While the film is good in its own right and maintains the focus on the ways war can destroy a soldier’s life even after they return home–it’s a pretty early example of a soldier dealing with Post-Traumatic Stress Disorder on screen–the book is quite different. Set in Kentucky rather than the Pacific Northwest, the local police are far less sadistic than in the film, with a standard prison haircut triggering Rambo’s flashbacks and reaction, rather than the brutal torture he endures in the film. Rambo and his adversary, Will Teasle (Chief of Police instead of Sherriff), are also shown to be equally determined and dangerous. After Rambo kills many of the local police officers–he only wounds them in the film–Teasle gets the upper hand and shoots Rambo in the stomach. The story ends with Rambo’s mentor, Trautman, killing him. In the film, Rambo walks away in a blanket. He’s not framed as a hero in either case, but instead as a troubled man left behind by his country after the war.

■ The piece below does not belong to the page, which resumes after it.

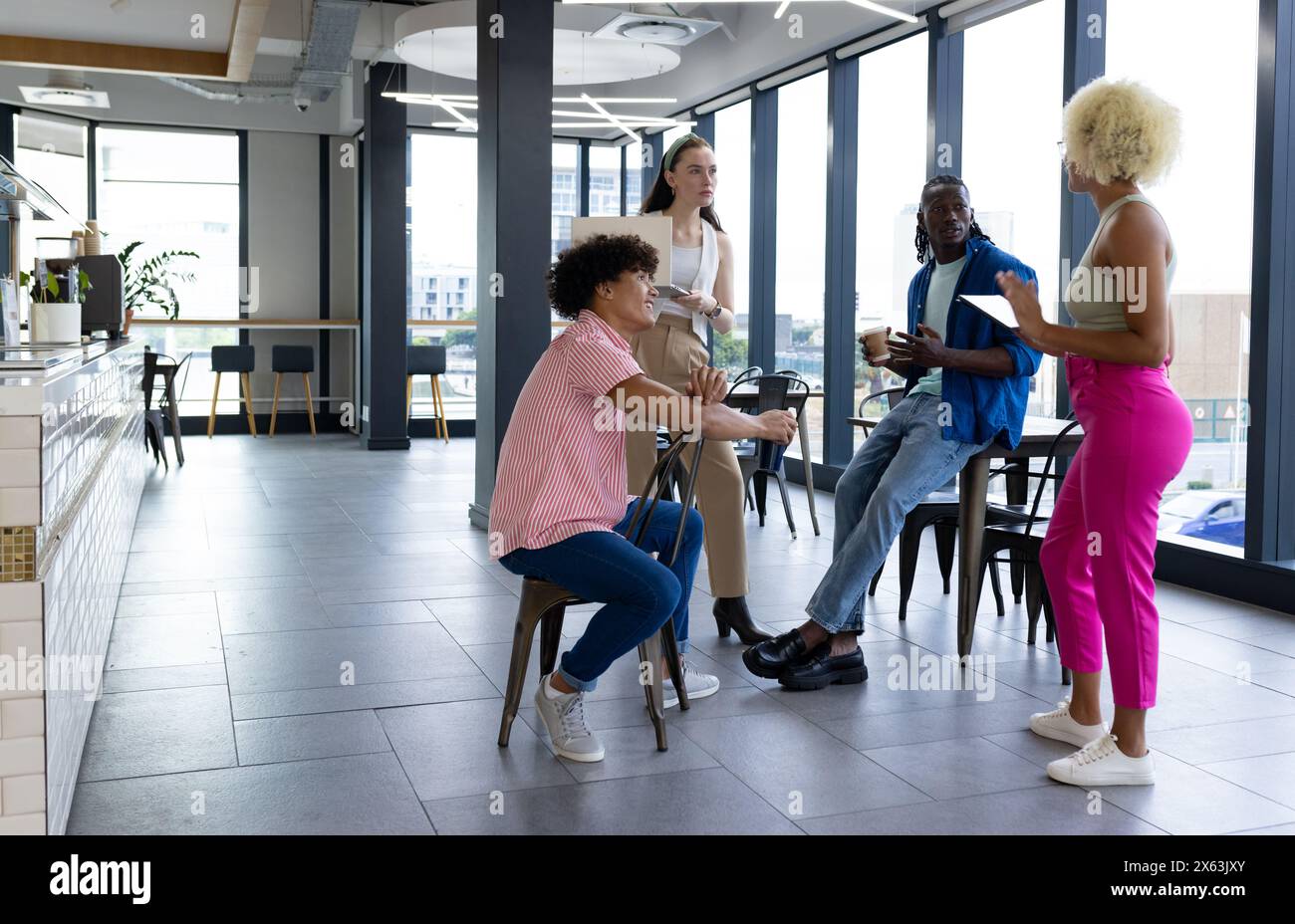 In modern office, diverse young team discussing Stock Photo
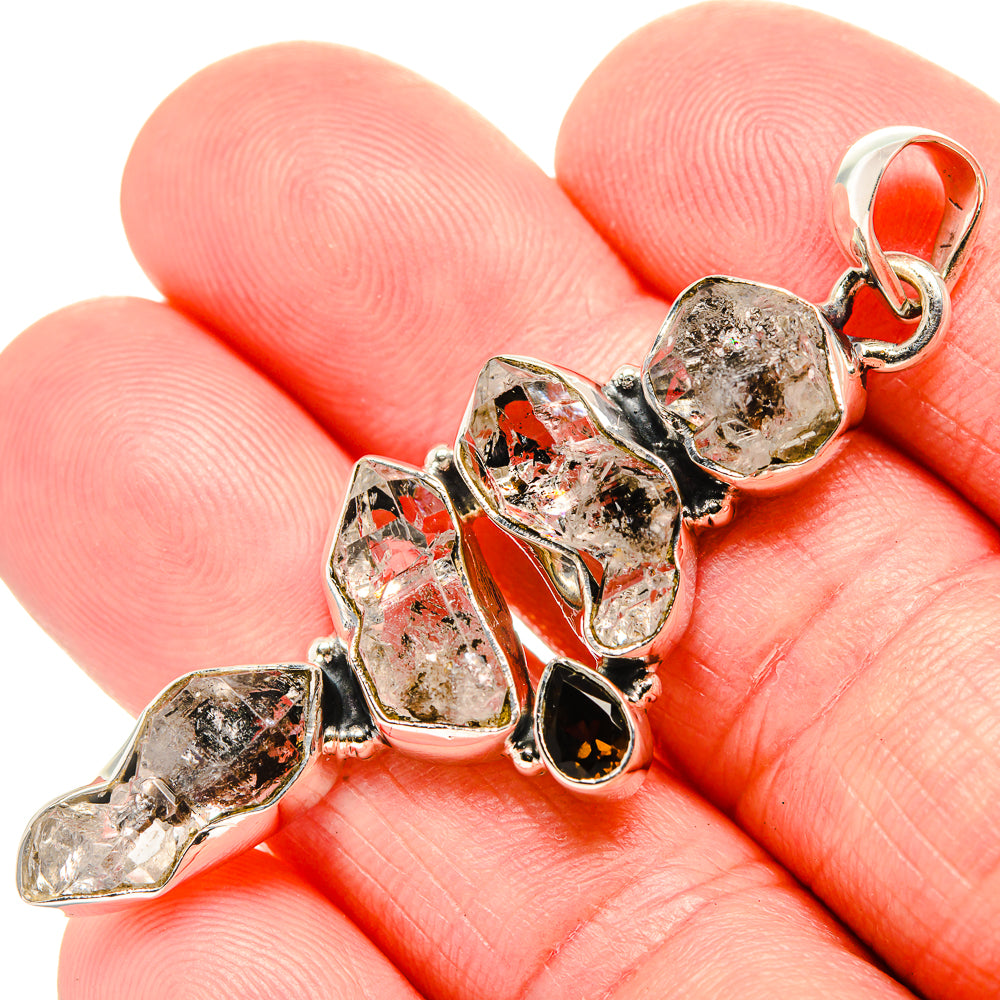Sterling silver pendant viewed on hand, with faceted clear and dark red stones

The movies that came after First Blood moved further and further away from the original character and into unintentional parody in the next two films. Tarantino wants to make something much closer to the book. Adam Driver likely comes to Tarantino’s mind both for his well-regarded performances in movies like BlacKkKlansman and Marriage Story and for his time in the United States Marine Corps (though he never saw combat).
Is this movie likely? It seems like Tarantino is just musing about what he’d do if he had all the time in the world–his version of picking up carpentry or some other time-consuming hobby. With that said, Adam Driver could make a killer Rambo in both senses, and we’d definitely watch.